***** Task input

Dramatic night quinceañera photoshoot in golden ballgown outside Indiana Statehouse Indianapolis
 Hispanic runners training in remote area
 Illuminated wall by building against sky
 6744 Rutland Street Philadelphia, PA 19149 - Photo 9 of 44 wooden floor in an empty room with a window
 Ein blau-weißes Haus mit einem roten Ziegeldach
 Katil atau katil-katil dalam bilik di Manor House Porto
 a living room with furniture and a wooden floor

**********

**Required action:** If a line in the entries holds the word "with", count it. Report the total only.

**Problem solution:** 2